Tri-Select: A Multi-Stage Visual Data Selection Framework for Mobile Visual Crowdsensing
Jiayu Zhang, Kaixing Zhao, Tianhao Shao, Bin Guo, Liang He
TL;DR
Tri-Select introduces a three-stage visual data selection framework for mobile crowdsensing to tackle redundancy and heterogeneity in large-scale image collections. It integrates metadata-based pre-filtering, spectral clustering of spatial/directional features, and SIFT-based MIS-driven visual selection to produce a compact, representative subset.
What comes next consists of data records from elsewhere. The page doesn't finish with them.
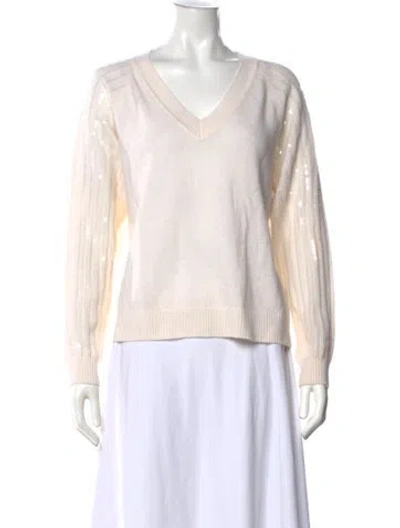 Pre-owned Minnie Rose Cashmere V-neck Sweater In Neutral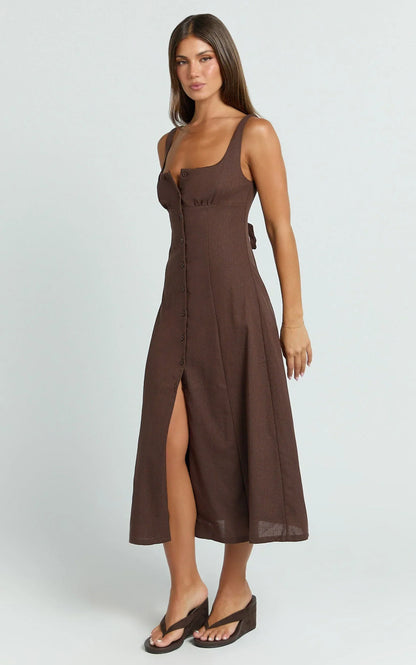Cameron Midi Dress - Button Front Tie Back Dress in Chocolate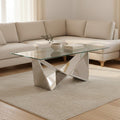 Allure Silver Finish Rectangular Coffee Table with Wing Base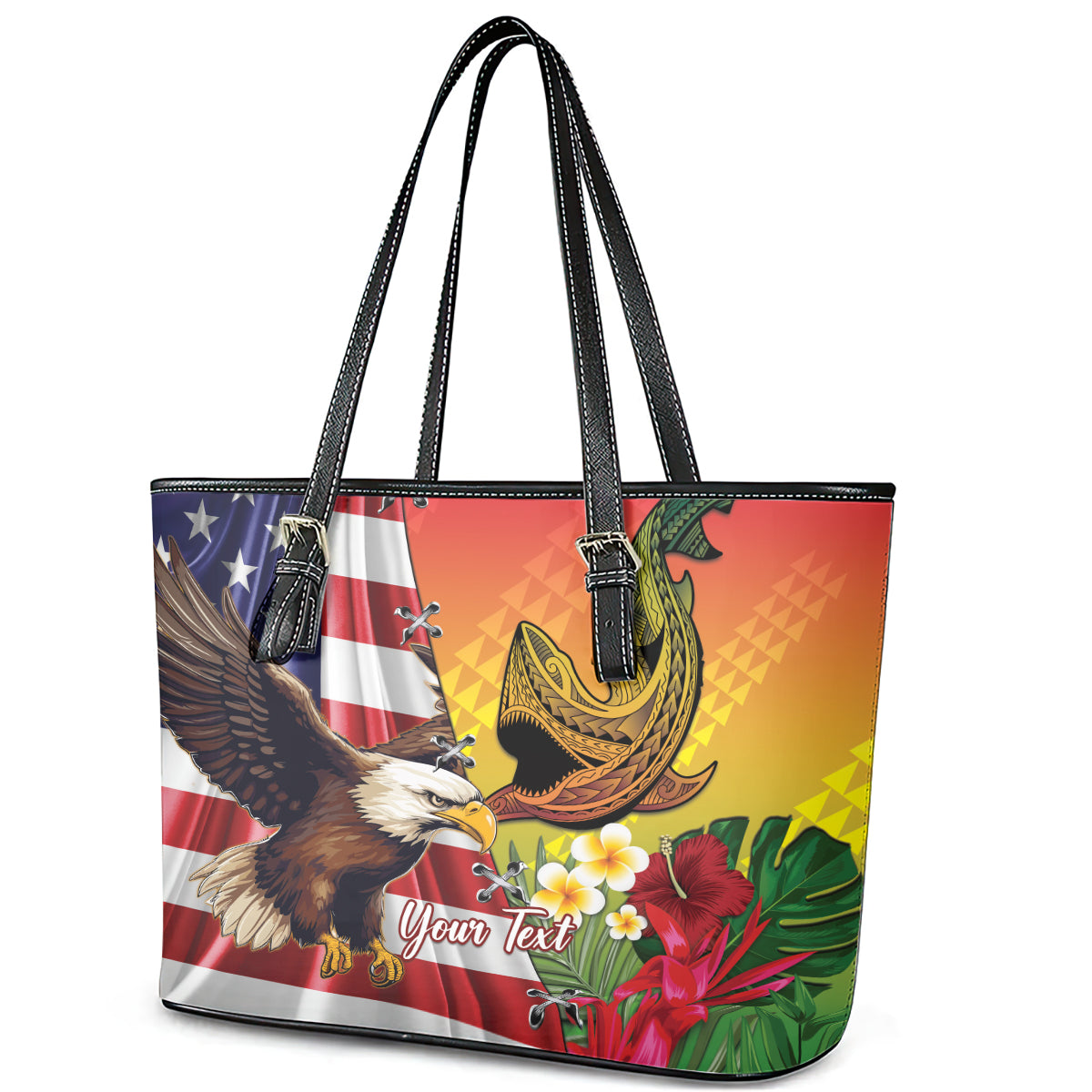 Personalised United States And Hawaii Leather Tote Bag USA Eagle With Hawaiian Shark Tattoo LT14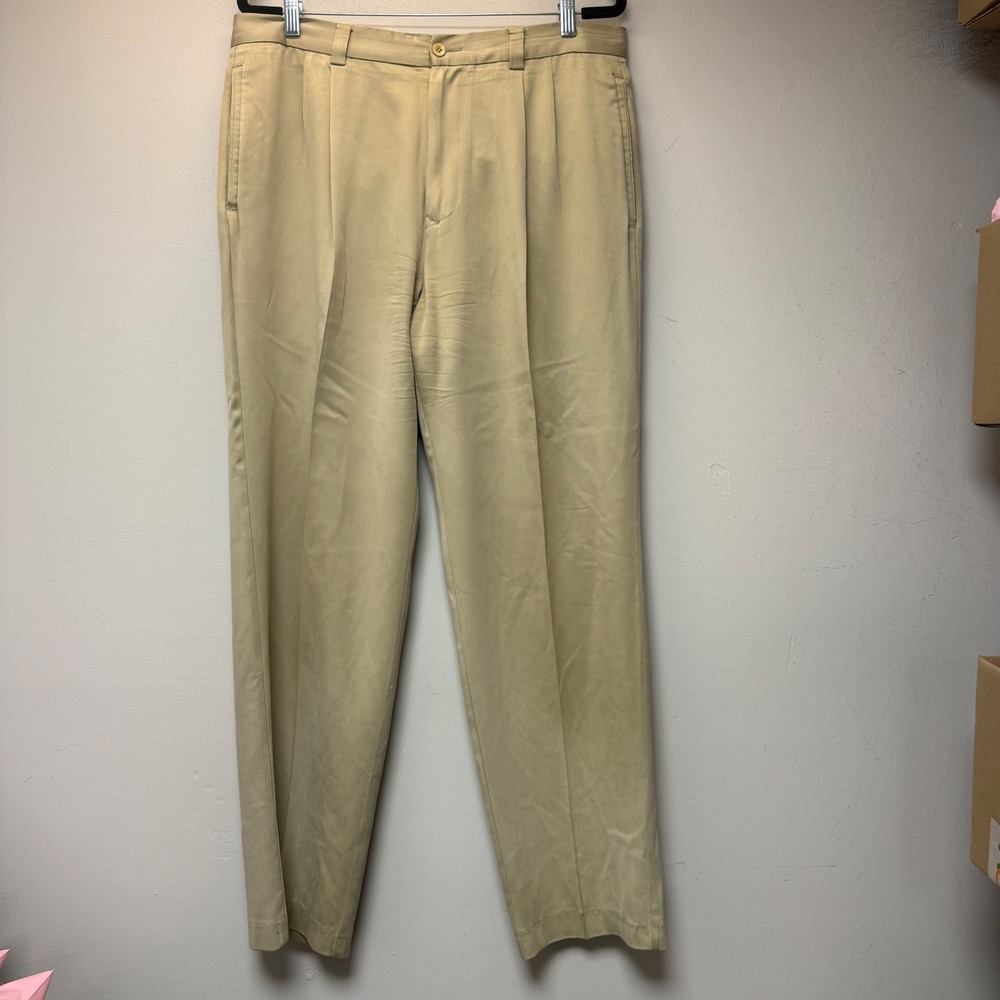 Tommy Bahama Dress Pants Mens 36x32 Khaki 100% Silk Pleated Straight Excellent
Experimental results demonstrate substantial data reduction, coherent clustering, and high-quality, non-redundant selections with favorable efficiency compared to baselines, including edge-deployable performance. The approach offers scalable, modular data selection suited for real-time and large-scale MVC deployments, with potential extensions to semantic features and task-specific constraints.
Abstract
Mobile visual crowdsensing enables large-scale, fine-grained environmental monitoring through the collection of images from distributed mobile devices. However, the resulting data is often redundant and heterogeneous due to overlapping acquisition perspectives, varying resolutions, and diverse user behaviors. To address these challenges, this paper proposes Tri-Select, a multi-stage visual data selection framework that efficiently filters redundant and low-quality images. Tri-Select operates in three stages: (1) metadata-based filtering to discard irrelevant samples; (2) spatial similarity-based spectral clustering to organize candidate images; and (3) a visual-feature-guided selection based on maximum independent set search to retain high-quality, representative images. Experiments on real-world and public datasets demonstrate that Tri-Select improves both selection efficiency and dataset quality, making it well-suited for scalable crowdsensing applications.